みかんぼうや

海辺の家のみかんぼうやのレビュー・感想・評価

海辺の家(2001年製作の映画)
3.3
これぞ90年代~2000年代前半のベッタベタな“アメリカの家族愛ヒューマンドラマ”。家族の絆を深めるハートフルなストーリー。海辺に家を建てる話なので、海辺の景色や沈む夕日など美しい映像も満載の感動ストーリーで号泣必至・・・なはずなのに、なんでしょう、この感動しきれない、そして途中に出てくる水を差しまくるシーンによるとんでもない違和感(笑)。

物語の設定は、仕事をクビになり、しかも余命3か月の宣告を受けた建築家の男が、人生最後の思い出として、非行少年となってしまった前妻との息子と、夏休みの間に海辺に家を建てるというもの。

家を建てる過程を通じて、最初は凄まじく反抗的だった息子、さらには前妻との関係が修復され、家族一致団結で最後の大仕事に取り組むという、もはや“お涙頂戴が確約された”設定とプロット。

しかし、あまり感動できず。その理由の1つは、あまりにも他作品で見慣れた家族物の感動ストーリーの教科書展開で、全体的に話が小綺麗にまとまりすぎていたこと。
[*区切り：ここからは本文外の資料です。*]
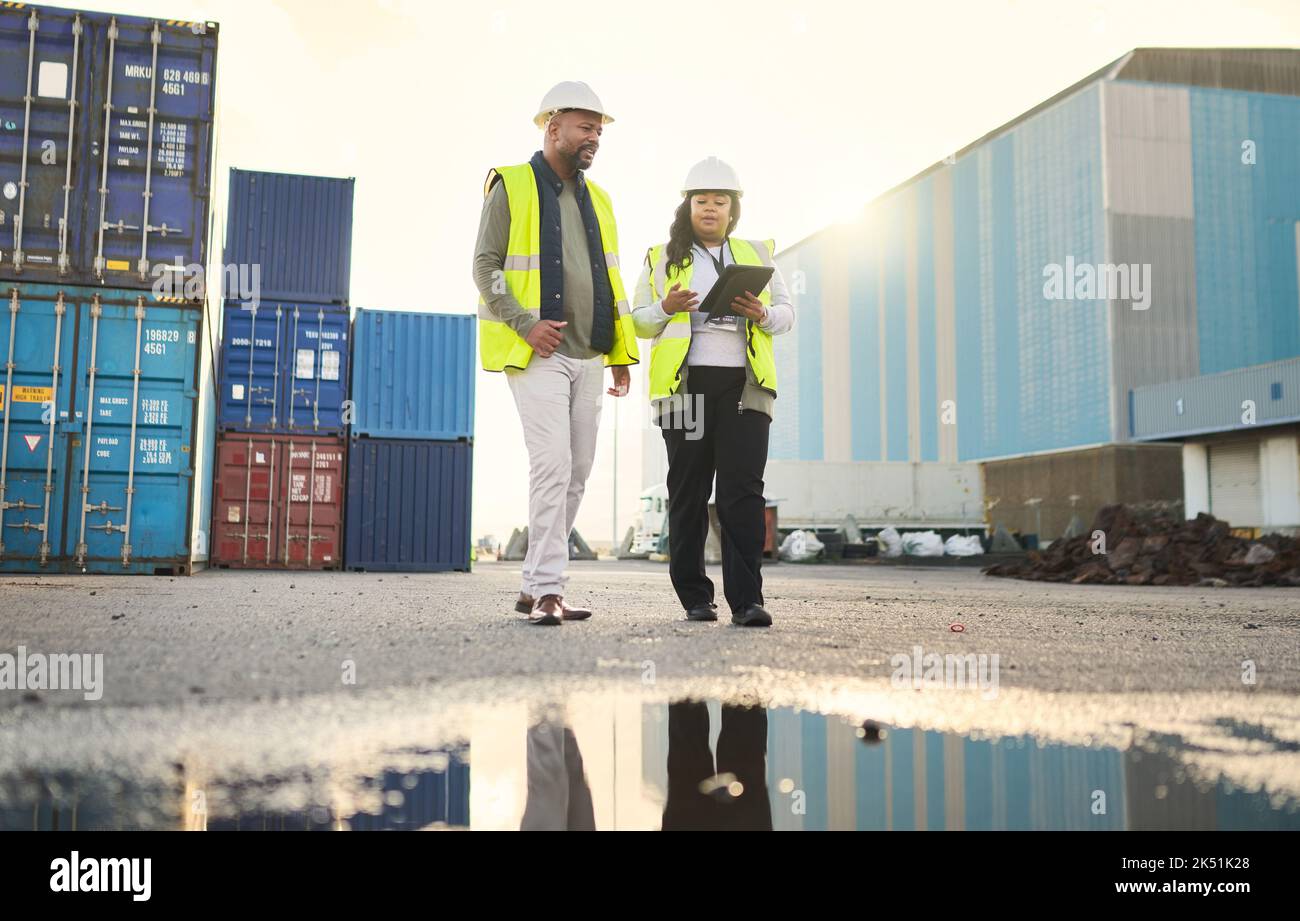Logistics, digital tablet and industrial employees working on an outdoor cargo freight delivery site. Supply chain, collaboration and black people Stock Photo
そして、時代を感じさせる劇伴と音楽の使い方が、どうも古臭く感じてしまったこと。「ギルバート・グレイプ」のように時代を感じさせる音楽がかえってノスタルジックで味になることもありますが、本作は音作りの問題なのか、どうも古臭い印象が強かったです。

しかし、そんなベタな展開や音楽を一蹴するほど、断トツで違和感を覚えたのは、主人公の隣人の一見まともそうな母娘が、このハートフルな感動物語にそぐわない性の乱れっぷりを披露すること。話の本筋と全く関係ない流れで、母親が普通ならあり得ない男とセフレ関係になり、その娘は娘で、まさかの相手にキスで襲いかかる・・・(ネタバレなので一応控えます)。これが物語の根幹にかかわる話なら理解できるのですが、本筋と全く関係なし。「このシーン、必要だった!?」という疑問が最後まで残り、感動しようという心構えも吹っ飛びました。ちなみに、主人公の前妻の行動も、一般的に見ると決して関心できるものではなく、この作品の女性の描かれ方が、作品の趣旨から考えると全体的にかなりおかしいです(笑)。
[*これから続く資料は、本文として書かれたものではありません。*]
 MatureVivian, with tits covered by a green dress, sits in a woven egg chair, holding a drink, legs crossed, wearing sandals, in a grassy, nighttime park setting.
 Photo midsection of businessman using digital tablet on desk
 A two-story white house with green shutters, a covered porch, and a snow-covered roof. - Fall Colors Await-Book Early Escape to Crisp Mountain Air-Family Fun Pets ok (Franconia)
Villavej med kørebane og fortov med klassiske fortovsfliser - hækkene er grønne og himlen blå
しかも、その要素がまあまあしつこく後半に引っ張られるのですよね。これ、本当に何だったのでしょう?ただの感動ストーリーだと、他の作品と差別化しづらいから、話題性作りのために強引に入れたのかな?製作陣、誰も疑問を持たなかったのでしょうか?

この違和感がなければ、点数的にも★3.7点くらいの普通に面白いヒューマンドラマだになるはずでしたが、結果的に一番心に残ったシーンが、この隣人母親であまりにも引っ張られてしまい、点数も低めにしました。

ラストの締め方は、「そこの伏線回収に繋げるんだ」という意外性があって良かっただけに(これも、思いつき感は強い内容でしたが)、色々と惜しい要素が詰まった作品でした。